» **HOW TO COMPLETE THIS TASK**
Your response to the data below should hold nothing except the lines from the one containing "2021 KOMATSU FG25T-16" down to the one containing "2018 Honda CR-V LX - Photo #11", reproduced exactly and without pictures.

» **TASK INPUT**
##############################
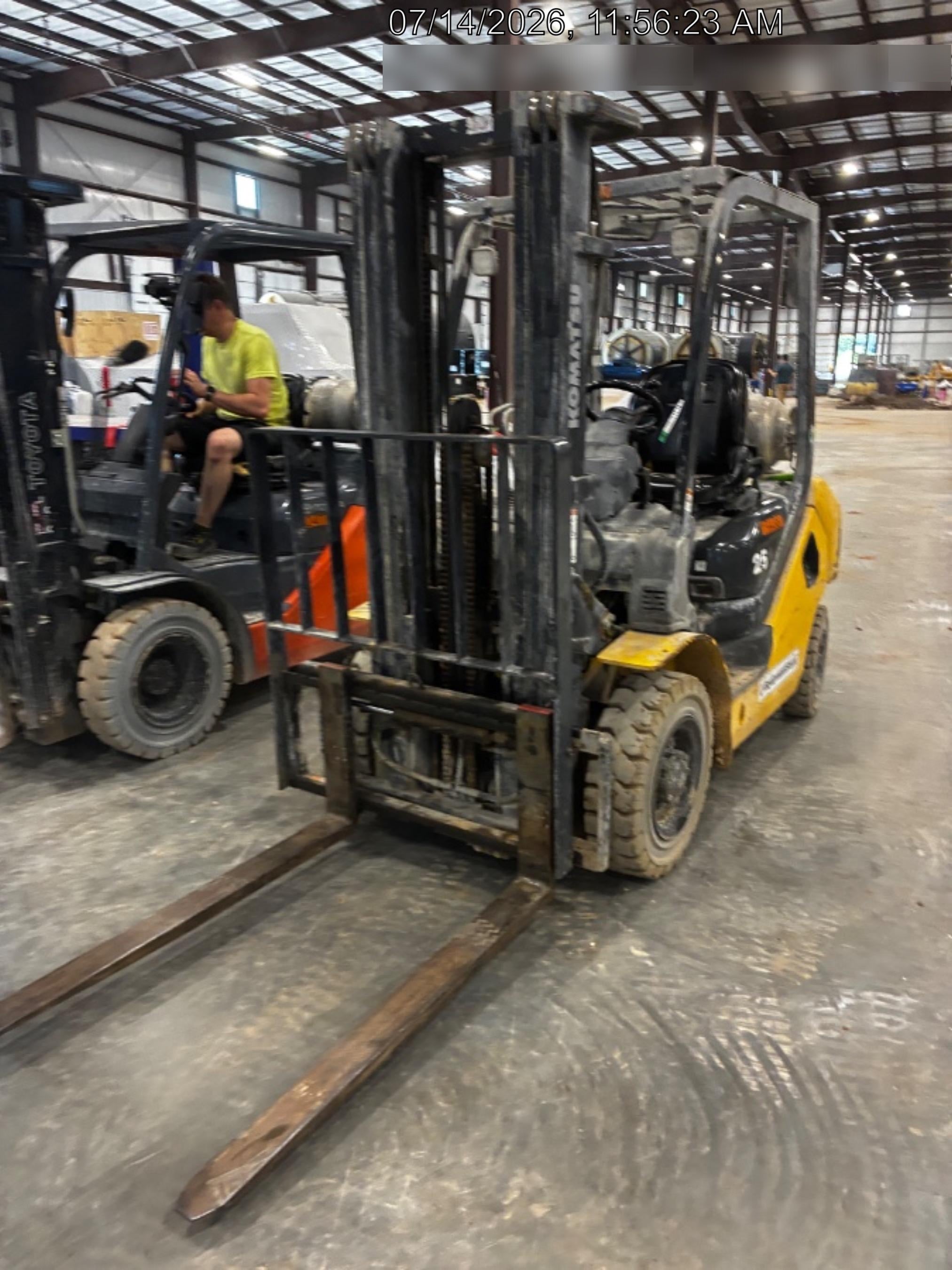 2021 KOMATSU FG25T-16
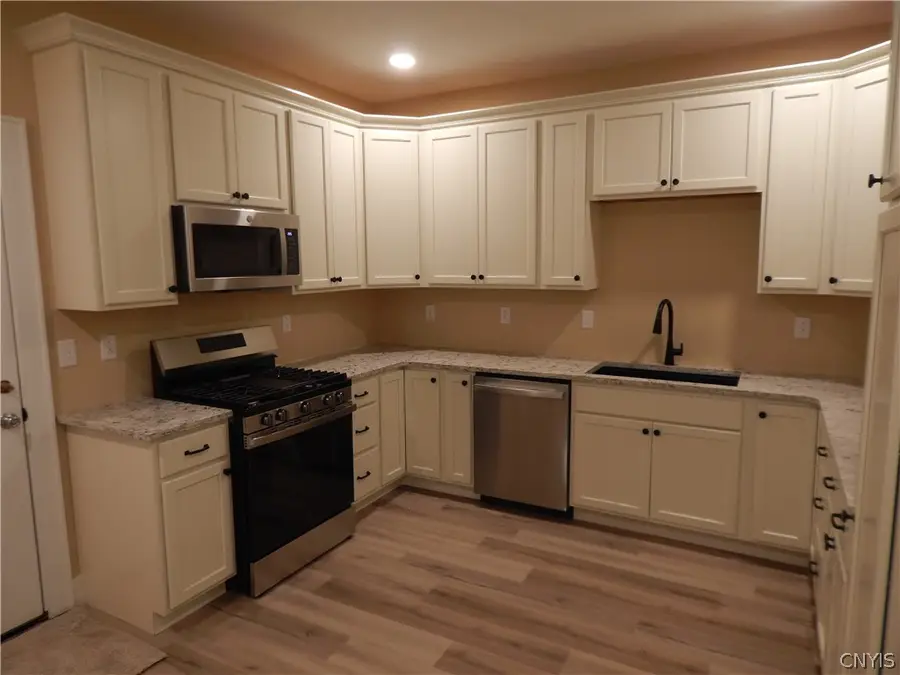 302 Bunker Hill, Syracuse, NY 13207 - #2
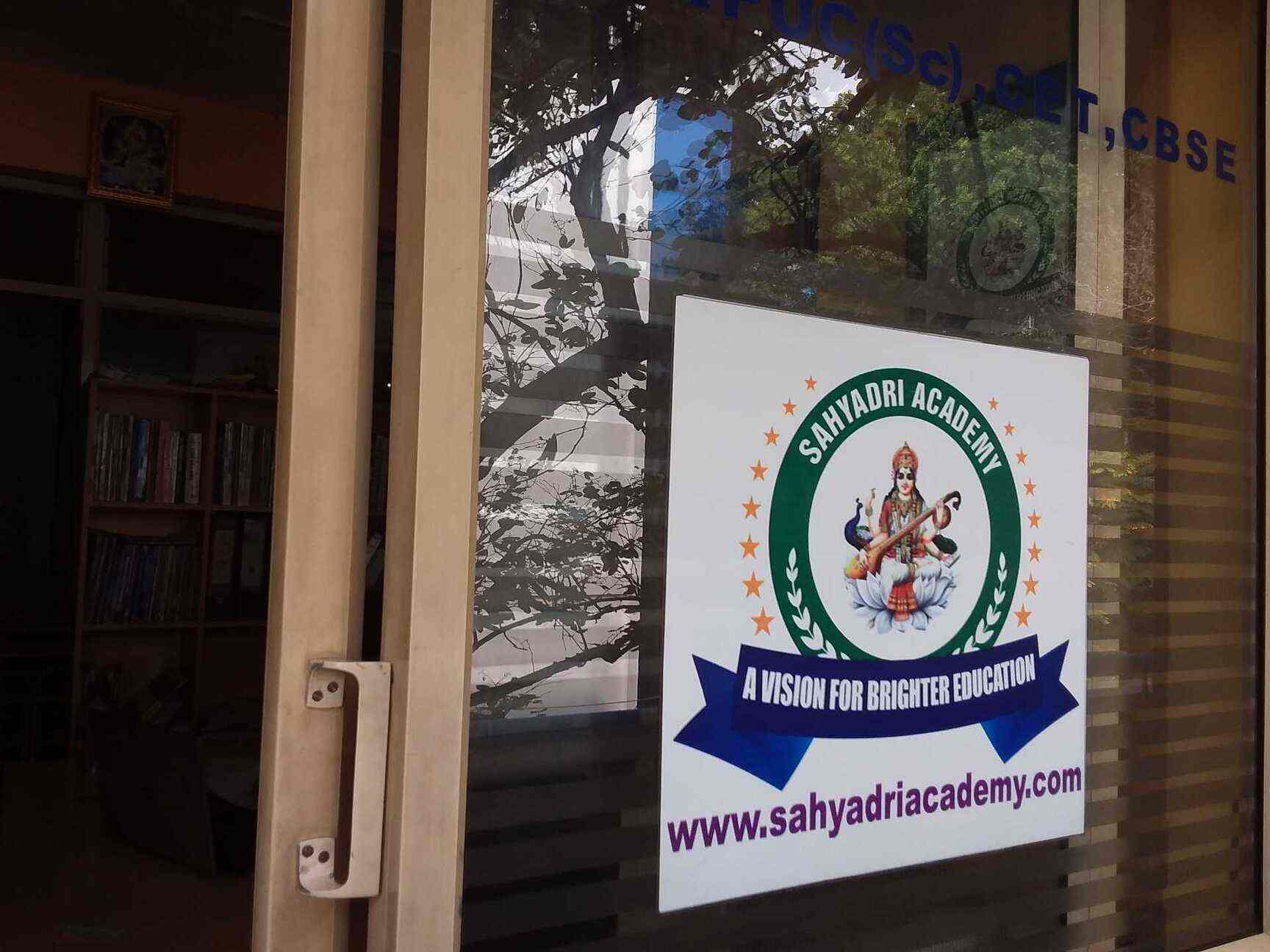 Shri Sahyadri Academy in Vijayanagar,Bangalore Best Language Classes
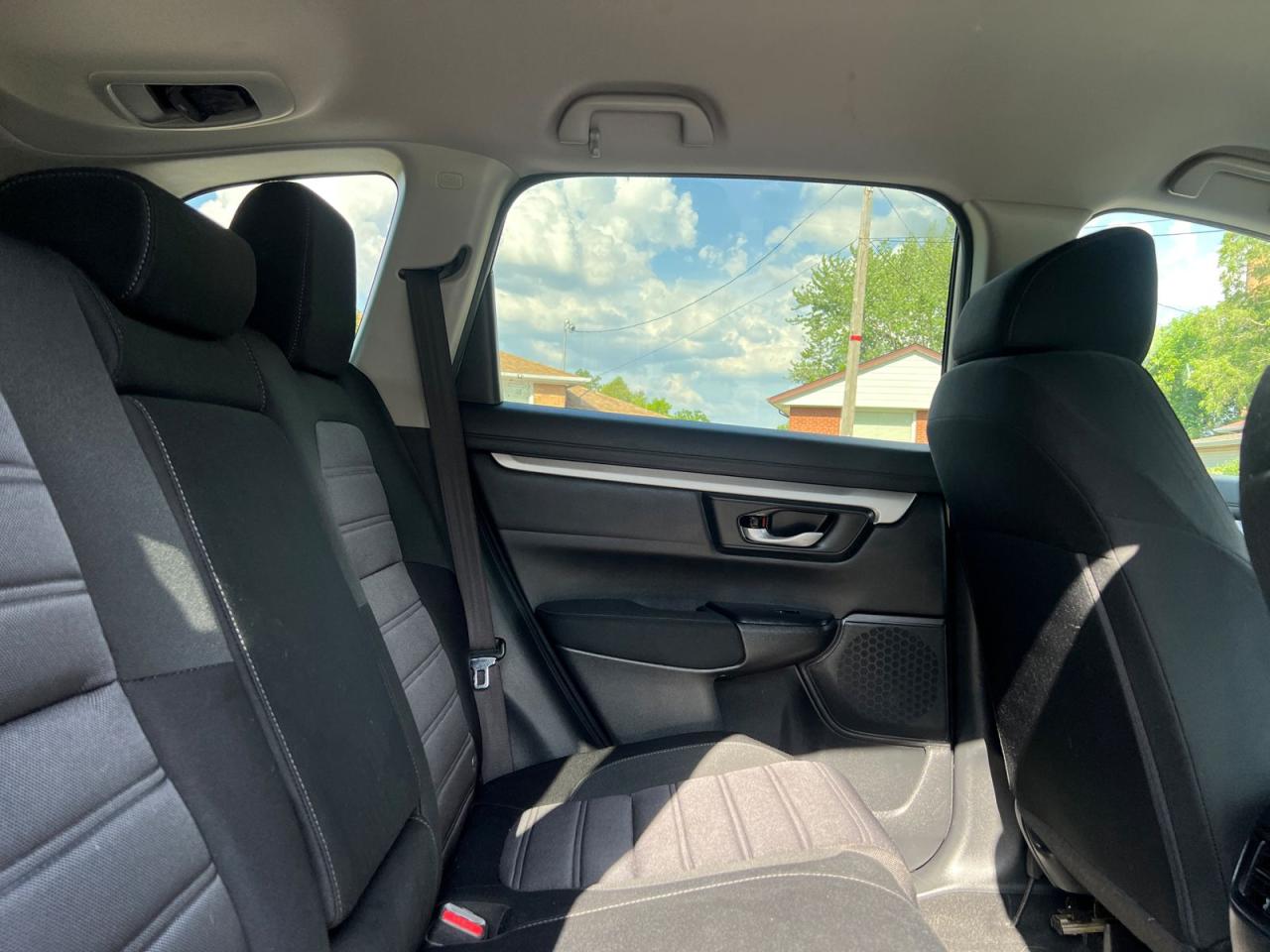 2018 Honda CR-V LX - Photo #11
##############################
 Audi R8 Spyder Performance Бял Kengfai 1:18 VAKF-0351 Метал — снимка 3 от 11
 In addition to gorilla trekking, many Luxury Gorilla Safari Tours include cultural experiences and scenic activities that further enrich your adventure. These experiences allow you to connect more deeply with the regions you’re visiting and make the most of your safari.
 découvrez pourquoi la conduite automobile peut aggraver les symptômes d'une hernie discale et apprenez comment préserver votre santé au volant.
##############################
» **RESPONSE TO THE EXERCISE**
 2021 KOMATSU FG25T-16
 302 Bunker Hill, Syracuse, NY 13207 - #2
 Shri Sahyadri Academy in Vijayanagar,Bangalore Best Language Classes
 2018 Honda CR-V LX - Photo #11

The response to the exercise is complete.